Il s’est établi à +1,3 % en janvier 2026 : La décélération de l’inflation se poursuit
L’évolution récente des prix à la consommation en Algérie semble confirmer une tendance à la décélération de l’inflation, dans un environnement économique international pourtant marqué par de fortes incertitudes.
Selon les dernières données de l’Office national des statistiques (ONS) relatives à l’indice des prix à la consommation (IPC), le rythme d’inflation annuel s’établit à +1,3 % sur la période allant de février 2025 à janvier 2026, comparé à la même période de l’année précédente. Un niveau modéré qui traduit un certain apaisement des tensions inflationnistes observées ces dernières années.
Dans le détail, l’Indice brut des prix à la consommation de la ville d’Alger a enregistré une hausse de 1,4 % en janvier 2026 par rapport au mois précédent. Cette progression est nettement supérieure à celle relevée en janvier 2025 (+0,4 %), ce qui indique une reprise ponctuelle des pressions sur les prix en début d’année. Elle marque également une accélération par rapport au mois de décembre 2025, où la hausse n’avait été que de 0,1 %.
Cette évolution mensuelle est principalement tirée par l’augmentation généralisée des prix dans la majorité des catégories de biens et services. Les produits alimentaires, en particulier, ont fortement contribué à cette hausse, avec une progression de 1,9 % en janvier 2026, contre seulement 0,2 % le mois précédent. Cette dynamique s’explique essentiellement par l’augmentation des prix des produits agricoles frais, qui affichent une hausse notable de 3,6 %, provenant d’un certain nombre de produits, notamment la viande et abats de mouton (+6,8 %), la pomme de terre (+9,0 %) et d’un degré moindre les poissons (+5,7 %).
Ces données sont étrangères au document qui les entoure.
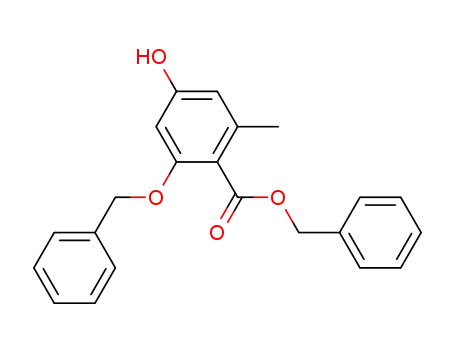 benzyl 2-benzyloxy-4-hydroxy-6-methylbenzoate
À l’inverse, les prix de certains produits observent des baisses, en particulier les légumes (-0,4 %) ainsi que la viande de poulet et les œufs, respectivement de 0,2 % et 5,7 %. En revanche, certains produits ont contribué à atténuer cette hausse globale, à l’image des légumes, en léger recul de 0,4 %, ou encore de la viande de poulet (-0,2 %) et des œufs, dont les prix ont chuté de manière significative (-5,7 %).
Du côté des produits alimentaires industriels, les prix sont restés globalement stables, enregistrant une légère hausse de 0,1 %. Cette relative stabilité témoigne d’un certain équilibre dans les chaînes d’approvisionnement locales, malgré un contexte international incertain. En ce qui concerne les autres composantes de l’indice, les biens manufacturés et les services ont également enregistré des hausses respectives de 0,9 % et 1,0 % sur le mois de janvier 2026. En glissement annuel, l’augmentation des prix des produits manufacturés est particulièrement marquée, atteignant +9,0 %, ce qui reflète notamment l’impact des coûts d’importation, des matières premières et de la logistique. Les services, quant à eux, affichent une progression plus modérée de 1,1 % sur un an.
Corrigé des variations saisonnières, l’indice des prix à la consommation fait ressortir une hausse de 1,5 % en janvier 2026 par rapport à décembre 2025, confirmant la tendance haussière observée en données brutes. En comparaison annuelle, les prix à la consommation enregistrent une augmentation de 2,7 % entre janvier 2025 et janvier 2026. Au niveau national, l’indice des prix à la consommation, établi sur la base d’un échantillon représentatif de 17 villes et localités à travers le pays, fait apparaître une hausse mensuelle de 1,1 % en janvier 2026. Les prix des biens alimentaires y progressent de 1,7 %, confirmant leur rôle central dans la dynamique inflationniste. Cependant, au-delà de ces fluctuations mensuelles, la tendance de fond reste orientée vers un ralentissement de l’inflation. Les données montrent notamment qu’en janvier 2026, les prix des biens alimentaires ont reculé de 2,0 % par rapport à janvier 2025.